Cette histoire avait soulevé un débat mêlant des problématiques de vie privée, de sécurité des personnes et d’accès à des informations publiques. En France, la Cnil a proposé une synthèse des enjeux en montrant le challenge qu’il y a à arbitrer entre les droits de la personne et ceux liés à l’information — exactement comme pour le sujet délicat du droit à l’oubli sur le web.

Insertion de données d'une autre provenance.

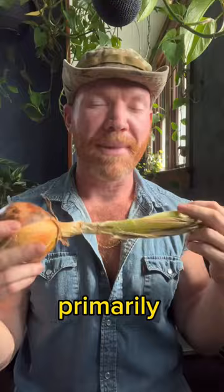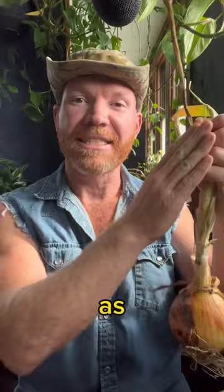Short day onions are grown primarily in the south over the wintertime, and they are putting out their vegetative growth as the days are getting shorter. Then after the winter solstice and the days begin getting longer, it signals to start bulb formation.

Elon Musk et le propriétaire du compte @ElonJet avaient affiché leurs désaccords par messages interposés. Le stratagème du second pour contourner les arguments du premier a été de proposer un autre compte sur Twitter, @ElonJetbutDelayed. Le principe ? Retarder de 24 heures la publication des messages relatifs aux trajets du jet du milliardaire. Pas de risque de sécurité personnelle, comme ça.
« Elon Musk essaie de dire que ce que je publie n’est pas une information publique. L’ADS-B est sur toutes les fréquences publiques et est acquise par des organisations comme ADS-B Exchange. C’est comme dire que les signaux AM ou FM [pour la radio, NDLR] ne sont pas publics et que le fait de recevoir une fréquence est privé », s’est agacé Jack Sweeney.
Comme le raconte Wired dans son enquête, le sujet dépasse le cadre des seuls richissimes voyageurs occidentaux. L’existence d’ADS-B constitue aussi un sujet de tension géopolitique, avec des puissances comme la Chine ou l’Arabie saoudite, qui voient d’un mauvais œil cette plateforme. Pékin a interdit des récepteurs, tandis que Riyad a plaidé pour réguler l’ADS-B au niveau mondial.
L’arrivée de Jetnet et de Silversmith Capital Partners interroge la transparence que pourra avoir encore ADS-B Exchange durablement, et les influences que pourraient subir les nouveaux propriétaires. « Ma crainte a toujours été que quelqu’un arrive et détruise tout ce que nous avons construit », a témoigné James Stanford, l’un des administrateurs du site.
Cela étant, il y a un risque beaucoup plus immédiat contre ADS-B Exchange : les attaques par déni de service distribuées (DDOS).
Le lendemain de l’annonce du rachat de la plateforme, Jack Sweeney relevait que « quelqu’un est en train de lancer des DDOS sur ADS-B Exchange Les DDOS sont en train de saturer sa connexion de 10 gigabits […] Aucune donnée provenant des flux ADS-B ». L’histoire ne dit pas si c’est un geste d’humeur d’un passionné en colère du rachat ou si l’attaque est portée par d’autres motivations.